Decomposition for Multivariant Traffic Time Series: Comparison
Please note this is a comparison between Version 1 by Lei Zhang and Version 2 by Alfred Zheng.

Data-driven modeling methods have been widely used in many applications or studies of traffic systems with complexity and chaos. The empirical mode decomposition (EMD) family provides a lightweight analytical method for non-stationary and non-linear data.  A large amount of traffic data in practice are usually multidimensional, so the EMD family cannot be used directly for those data.

  • multivariate traffic
  • empirical mode decomposition

1. Introduction

Because of the complexity and chaos of traffic systems, it is hard to investigate the system state estimates or mode identification via the method of directly modeling. Thus, data-driven modeling methods have been widely used in many applications or studies concerning intelligent traffic, and the research regarding digital traffic has become a branch of intelligent traffic, which includes traffic feature analysis, traffic flow estimate, bus arrival estimate, traffic jam identification, traffic events and accident analysis. On the other hand, the development of artificial intelligence empowers intelligent traffic and brings huge benefits. As one of the three key elements of artificial intelligence, data play an important role in applications and research.
A large number of studies of traffic modeling via time series have taken place. Chin and Quddus [1] use the random-effect negative binomial (RENB) model to investigate the elements appropriate for maintaining safety in road intersections. Brijs, Karlis and Wets [2] and Quddus [3] used integer-valued autoregressive Poisson models to model data of accidents and investigate the relation of accidents and some specific factors. Commandeur, Bijleveld, Bergel-Hayat et al. [4] and Saar [5] used auto-regression and moving average model to investigate the correlation of traffic accidents and some other factors.

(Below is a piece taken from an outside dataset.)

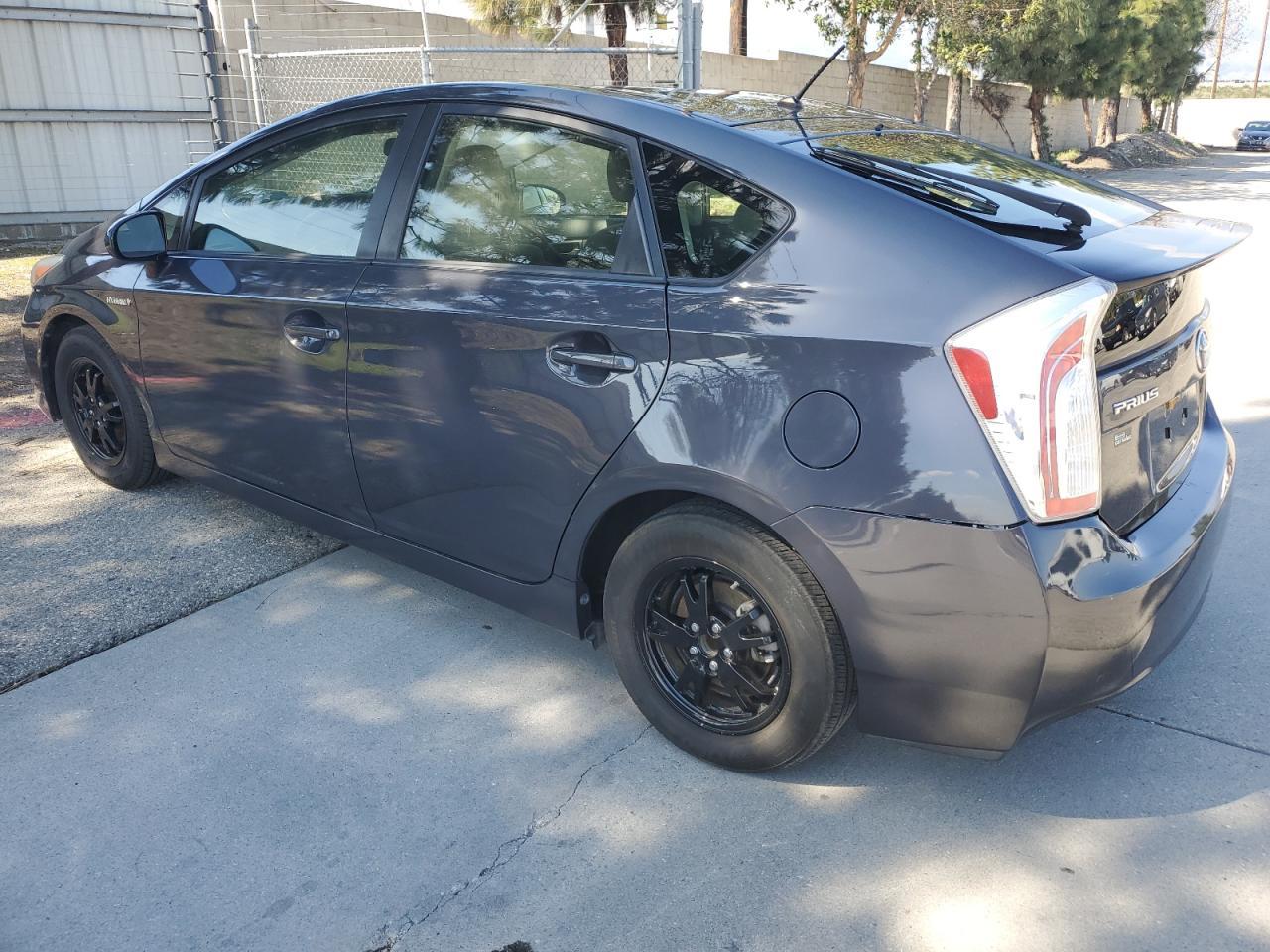 2015 TOYOTA PRIUS - Фото 2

For panel data analysis, F. Chen, Ma and S. Chen [6][7][6,7] introduced random-effect tobit models to investigate the relationship between traffic crashes and several factors such as traffic states, weather and surface conditions. Later, methods such as full Bayesian hierarchical approach and multivariate Poisson lognormal models were used to investigate traffic crash modeling and factors regarding traffic accidents [8][9][10][8,9,10]. In recent years, while regression models have still been widely used as the foundation of time series data analysis, some machine learning methods have been introduced to improve the performance. Tuli, Mitra and Crews [11] employed a random-effect negative binomial (RENB) model to investigate the demand for shared bicycles. Barroso, Albuquerque-Oliveira and Oliveira-Neto [12] introduced clustering methods to define traffic profiles and the daily traffic periods in trip analyses based on OD data. Chang, Huang, Chan et al. [13] introduced long-memory properties to investigate road fatality factors.
Traffic time series data contain multiple mode characteristics, so mode decomposition of such data is essential for better analysis and modeling. Commonly used modal decomposition methods for time-series data include discrete wavelet transform (DWT), empirical mode decomposition (EMD) and variational mode decomposition (VMD). EMD, in particular, allows for adaptive decomposition of data and efficient handling of nonlinear and non-smooth data without significant computational burden. EMD has been utilized in many traffic and transportation applications such as traffic data denoising [14][15][14,15], traffic infrastructure healthy monitoring [16], traffic flow evolving dynamic evaluation [17] and time variant detection [18], as well as prediction of section traffic flow [19], traffic speed [20] and metro passenger flow [21]. However, current empirical mode decomposition methods such as EMD, EEMD, CEEMD and CEEMDAN are not equipped to handle multivariate data directly. Since the traffic system generates many multivariate time series data, such as trajectory data, there is a pressing need to extend classical empirical mode decomposition methods to deal with multivariate time series.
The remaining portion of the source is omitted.